The first time ALL I had was a nagging feeling that something was wrong. Almost a year later I found out that my suspicions had been correct. He NEVER would have told me had I not found out and in fact had denied it each time I talked with him about being suspicious.

He even said things like "How can you not trust me?", "You're just looking for something to be upset about.", and "Your going to cause problems in our marriage if you keep inventing things in your head."

I believe we should follow those gut instincts....you get them for a reason.

Something is wrong, even if it's just the drinking and partying. I know it's common in the military during deployment, but his actions are WAY outside of the boundaries for a married man.

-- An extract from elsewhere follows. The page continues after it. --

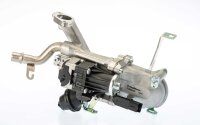 BorgWarner 710944D AGR-Modul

I agree with the idea of going to counseling. You're not being stupid and the things you've mentioned are not piddly or dumb. Take this as an opportunity to renew your marriage. I'd do it as soon as possible. Before the next deployment.

In my situation, my WH first A was 8 years ago and was purely a PA. This last deployment he met a girl and has filed for D and is considering moving out of state to be with her. We never truly dealt with the issues earlier and both contributed to a marriage in which this was possible.

You have a right to know, if that is what you want. You have a chance to study the information here, whether on the infidelity board or one of the other forums, and create a better, affair proof marriage. If nothing happened, you will still have found the tools to a wonderful relationship. If it did, you will have found the tools to deal with it. You win, either way.